I think it’s possible to create a new API that avoids creating an intermediate list and binds multiple elements at the same time. However, I wonder what should the API do if there are not enough elements left in the sequence.


notjack
2021-5-19 01:41:46

This is the kind of thing that generic collection interfaces would help with, if we had them


hazel
2021-5-19 02:36:17

https://docs.racket-lang.org/graphite-tutorial/index.html does this look odd for you all? the images towards the end are decidedly stretched out and not even the result of the code. could be my browser cache


hazel
2021-5-19 02:36:46

what I’m talking about — this isn’t even the result of the shown code


sorawee
2021-5-19 02:37:28

sorawee
2021-5-19 02:37:32

I saw this


hazel
2021-5-19 02:37:35

huh. it’s my cache, then


hazel
2021-5-19 02:37:40

that’s the intended result


hazel
2021-5-19 02:38:26

that’s the old pict_10.png — an image got removed from the tutorial and my browser cache must be displaying the old versions and shifting everything after the removal upwards


hazel
2021-5-19 02:38:32

which is deeply annoying. oh well


kartiksabharwal7
2021-5-19 03:46:21

In the case where the list’s length is n and you want to bind k elements at the same time but (n mod k > 0) there are two alternatives (at least in my eyes): • ignore the final (n mod k) elements entirely which is similar to the strategy of zip from Racket’s list-util OR • bind the final (n mod k) values to variables and leave the remaining variables bound to some default value.
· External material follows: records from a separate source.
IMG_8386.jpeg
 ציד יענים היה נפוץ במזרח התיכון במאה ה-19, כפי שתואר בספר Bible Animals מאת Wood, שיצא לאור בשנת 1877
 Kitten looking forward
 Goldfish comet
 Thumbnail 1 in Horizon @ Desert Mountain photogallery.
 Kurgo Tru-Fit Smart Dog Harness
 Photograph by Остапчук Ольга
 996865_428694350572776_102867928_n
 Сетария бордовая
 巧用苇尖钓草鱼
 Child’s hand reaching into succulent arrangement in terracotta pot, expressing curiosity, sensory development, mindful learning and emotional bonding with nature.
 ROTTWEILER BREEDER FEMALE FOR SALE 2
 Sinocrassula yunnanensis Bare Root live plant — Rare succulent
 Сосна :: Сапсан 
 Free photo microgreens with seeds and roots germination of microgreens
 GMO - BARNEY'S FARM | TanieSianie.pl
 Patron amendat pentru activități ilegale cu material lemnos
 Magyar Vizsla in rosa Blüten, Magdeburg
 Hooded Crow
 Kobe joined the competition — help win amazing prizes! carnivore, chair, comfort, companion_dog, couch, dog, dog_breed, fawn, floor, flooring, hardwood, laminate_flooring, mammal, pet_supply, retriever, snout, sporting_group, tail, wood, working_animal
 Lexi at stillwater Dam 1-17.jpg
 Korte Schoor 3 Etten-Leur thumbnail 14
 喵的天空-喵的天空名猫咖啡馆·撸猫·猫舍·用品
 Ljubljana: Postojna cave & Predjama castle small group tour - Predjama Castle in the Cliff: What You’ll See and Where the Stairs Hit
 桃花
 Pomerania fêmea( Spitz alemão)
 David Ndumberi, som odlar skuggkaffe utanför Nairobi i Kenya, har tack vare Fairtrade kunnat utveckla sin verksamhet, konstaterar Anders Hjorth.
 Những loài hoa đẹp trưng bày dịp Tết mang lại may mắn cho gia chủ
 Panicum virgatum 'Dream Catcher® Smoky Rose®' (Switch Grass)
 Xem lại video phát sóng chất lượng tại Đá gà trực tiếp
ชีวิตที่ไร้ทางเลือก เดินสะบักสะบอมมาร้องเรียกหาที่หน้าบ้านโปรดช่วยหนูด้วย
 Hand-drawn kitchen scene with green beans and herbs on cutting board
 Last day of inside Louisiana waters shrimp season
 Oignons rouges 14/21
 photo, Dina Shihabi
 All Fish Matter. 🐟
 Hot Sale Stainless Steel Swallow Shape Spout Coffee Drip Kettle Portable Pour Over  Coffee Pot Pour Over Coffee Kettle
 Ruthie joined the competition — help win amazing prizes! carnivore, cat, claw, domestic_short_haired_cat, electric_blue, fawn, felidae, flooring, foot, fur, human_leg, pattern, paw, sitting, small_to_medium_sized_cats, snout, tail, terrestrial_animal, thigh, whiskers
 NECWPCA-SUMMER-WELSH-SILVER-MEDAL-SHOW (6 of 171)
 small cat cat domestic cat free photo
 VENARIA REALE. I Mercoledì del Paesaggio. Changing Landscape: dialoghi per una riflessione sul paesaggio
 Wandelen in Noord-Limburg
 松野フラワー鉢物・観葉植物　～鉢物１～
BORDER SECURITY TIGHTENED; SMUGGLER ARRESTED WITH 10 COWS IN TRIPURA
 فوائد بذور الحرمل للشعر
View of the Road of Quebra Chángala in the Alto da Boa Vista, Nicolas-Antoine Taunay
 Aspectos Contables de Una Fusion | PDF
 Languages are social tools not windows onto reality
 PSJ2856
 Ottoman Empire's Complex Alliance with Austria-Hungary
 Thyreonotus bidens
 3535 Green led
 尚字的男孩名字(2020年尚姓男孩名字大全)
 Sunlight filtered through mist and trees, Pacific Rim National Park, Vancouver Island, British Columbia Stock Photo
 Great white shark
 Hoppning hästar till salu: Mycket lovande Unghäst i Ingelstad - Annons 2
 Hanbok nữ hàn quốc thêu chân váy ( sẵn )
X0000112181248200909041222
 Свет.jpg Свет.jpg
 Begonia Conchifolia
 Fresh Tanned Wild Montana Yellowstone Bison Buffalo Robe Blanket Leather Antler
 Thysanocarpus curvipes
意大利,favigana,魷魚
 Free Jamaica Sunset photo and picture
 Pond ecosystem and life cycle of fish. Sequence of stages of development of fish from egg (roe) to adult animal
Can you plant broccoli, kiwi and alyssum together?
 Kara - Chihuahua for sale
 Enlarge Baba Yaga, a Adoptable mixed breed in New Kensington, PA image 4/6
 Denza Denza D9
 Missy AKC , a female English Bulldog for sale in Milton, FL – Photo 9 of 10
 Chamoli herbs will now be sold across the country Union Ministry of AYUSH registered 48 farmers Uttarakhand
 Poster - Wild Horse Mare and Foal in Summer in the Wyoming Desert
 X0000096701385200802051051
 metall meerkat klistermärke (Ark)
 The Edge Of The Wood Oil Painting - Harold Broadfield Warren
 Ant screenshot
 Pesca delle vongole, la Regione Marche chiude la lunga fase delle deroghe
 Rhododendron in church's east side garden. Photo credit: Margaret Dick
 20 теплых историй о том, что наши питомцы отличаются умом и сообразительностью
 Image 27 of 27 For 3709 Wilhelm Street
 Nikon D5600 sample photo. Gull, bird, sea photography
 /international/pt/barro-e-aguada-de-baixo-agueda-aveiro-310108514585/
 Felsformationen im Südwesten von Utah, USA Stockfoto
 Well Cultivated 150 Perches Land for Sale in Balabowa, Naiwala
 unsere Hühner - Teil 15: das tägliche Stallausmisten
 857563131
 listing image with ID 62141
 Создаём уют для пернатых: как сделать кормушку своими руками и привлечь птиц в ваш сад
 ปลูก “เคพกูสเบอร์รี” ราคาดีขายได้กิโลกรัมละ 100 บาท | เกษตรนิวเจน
This would achieve the same result as padding the end of the list with (k - (n mod k)) copies of the default value before running it through the for I personally find the first alternative more intuitive


sorawee
2021-5-19 06:03:45

I’ve been noticing read-compiled-linklet every time I build Racket from source. E.g.,

raco setup: bootstrapping from source... read-compiled-linklet: version mismatch expected: "8.1.0.6" found: "8.1.0.2" in: /Users/sorawee/projects/racket/racket/collects/compiler/private/compiled/cm-minimal_rkt.zo raco setup: version: 8.1.0.6 raco setup: platform: aarch64-macosx [cs] ... Everything works fine though. Is this something that should be worried?